ACAT 4: The Process of Relating to God

[Readers, please note: Ordinarily, the respect due to God is expressed by capitalizing the H in pronouns.  However, writing about familiarity in relationship requires a lot of these pronouns – and that capital H is becoming distracting.  God deserves respect, yes; but he does not demand it to the point of distraction.  We considered what it would mean to drop the capitalization in favor of increasing comfort and familiarity, and it feels right.  We mean no disrespect to God by using lowercase pronouns.  We offer it to God, in love, as a sign of our desire to grow closer in familiarity with him, intending no offense.]

Last week, we began looking at the Baltimore Catechism’s proposal that God created us to know him, love him, serve him and be happy with him in the life to come.

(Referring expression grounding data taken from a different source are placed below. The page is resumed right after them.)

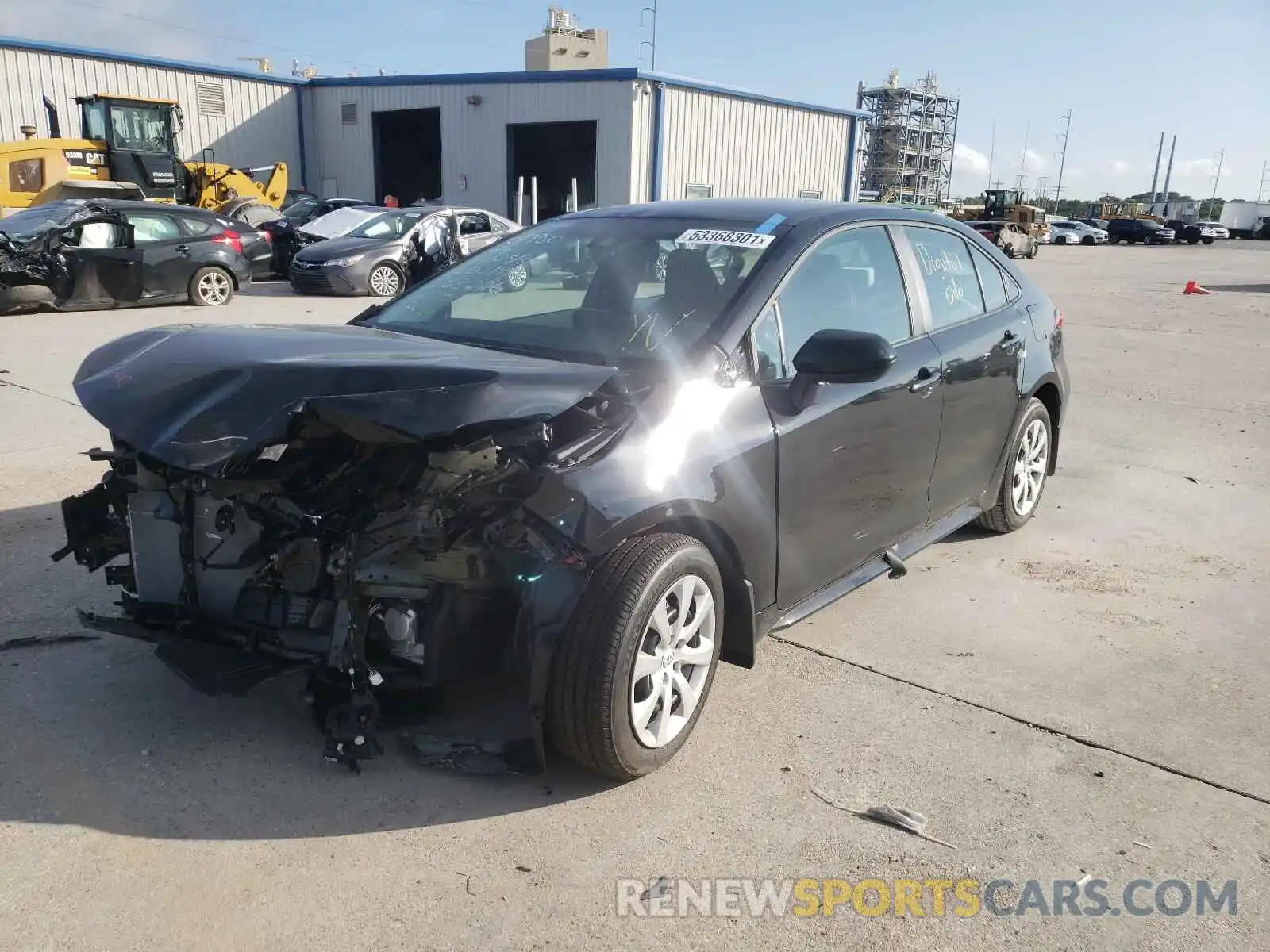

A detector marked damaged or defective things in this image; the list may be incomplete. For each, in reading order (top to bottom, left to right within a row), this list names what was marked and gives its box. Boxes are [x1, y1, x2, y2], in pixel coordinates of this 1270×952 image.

crumpled hood [294, 238, 394, 265]
crumpled hood [74, 322, 619, 474]
damaged black car hood [74, 324, 619, 477]
crushed front end [56, 324, 640, 771]
damaged black sedan [57, 198, 1072, 777]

We suggested seeing this first as a task list given in order of importance, with each step intended to prepare us for the next, flowing with a natural logic.  We can’t love someone without knowing them.  We can’t serve someone without loving them (and, before any buzz starts, we already have Missionary Thoughts lined up to go more deeply into that word “serve,” especially wondering how it can lead to happiness when it sounds so contractual).

Yes, each step is a foundational block, and each successive step builds further on the previous one.

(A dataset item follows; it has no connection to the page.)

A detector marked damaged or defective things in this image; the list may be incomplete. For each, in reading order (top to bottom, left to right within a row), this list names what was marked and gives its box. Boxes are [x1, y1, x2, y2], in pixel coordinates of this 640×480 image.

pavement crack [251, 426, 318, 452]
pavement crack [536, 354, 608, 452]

But it is not a flat, linear progression.  It is a dynamic process, a progression of modules leading one to the next and then building upward, constantly adding more layers for each completion of the cycle, day after day in our lifetime.  The four together are a constant, living process.

 

 

 

 

This process, in fact, describes building a relationship with anyone:

 

When an enduring relationship is forming, what we discover about someone (= getting to know them) eventually gives rise to a particular fondness.  We can feel this as we feel love toward our family members, or toward our friends, or in the general sense of the value and dignity we feel toward others.  But then, we begin to concretely “love” in the verb sense by showing affection, or speaking affirming words, or including people in our activities as we might invite a friend, a guest or someone on the sidelines without a partner to participate in what we are doing.  We love by giving gifts, making food and welcoming visitors.  Loving can be offering to drive somewhere, or answering the phone when we are already tired, or forgiving those who overstep their boundaries with us.  If we notice, knowing (taking in concrete, measurable data) gives way to loving (forming an abstract conclusion) which gives way to doing, or serving (concrete action motivated by abstract feeling).

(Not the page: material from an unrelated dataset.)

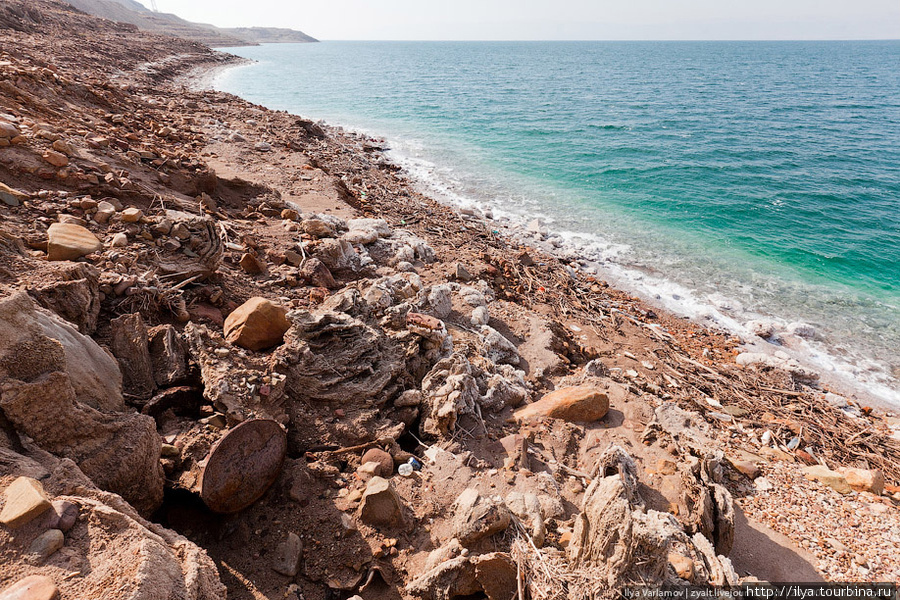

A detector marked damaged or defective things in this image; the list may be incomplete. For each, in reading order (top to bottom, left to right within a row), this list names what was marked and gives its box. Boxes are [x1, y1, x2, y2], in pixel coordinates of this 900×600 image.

rusted metal disc [200, 420, 284, 512]
rusty metal lid [199, 420, 286, 512]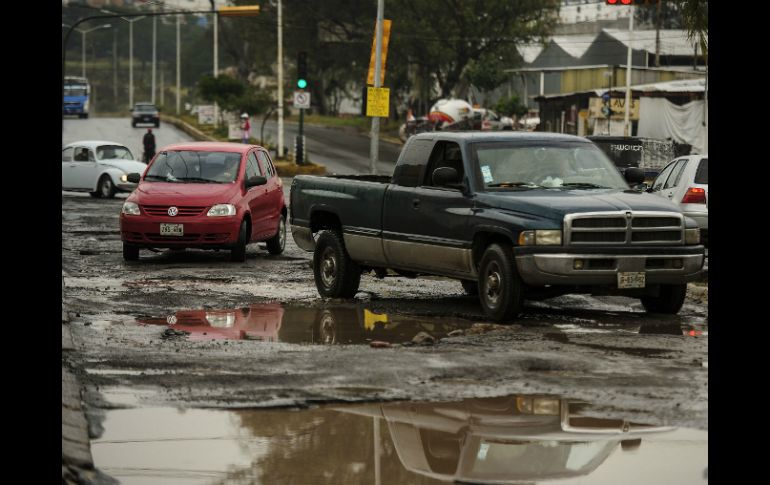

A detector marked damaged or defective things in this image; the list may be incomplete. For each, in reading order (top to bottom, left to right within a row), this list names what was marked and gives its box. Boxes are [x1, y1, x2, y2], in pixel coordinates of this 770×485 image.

damaged road surface [63, 192, 704, 480]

Thus, loving forms the bridge between knowing and doing (or, serving), which leads to being happy with each other in the relationship.  As each module augments the other in the process, a foundation is formed.  The process repeats and repeats and repeats in the rhythm of the relationship, as though placing bricks one atop the other in an ever-growing structure.

 

So, how easily can we replicate this process when our someone (God) is not three-dimensional?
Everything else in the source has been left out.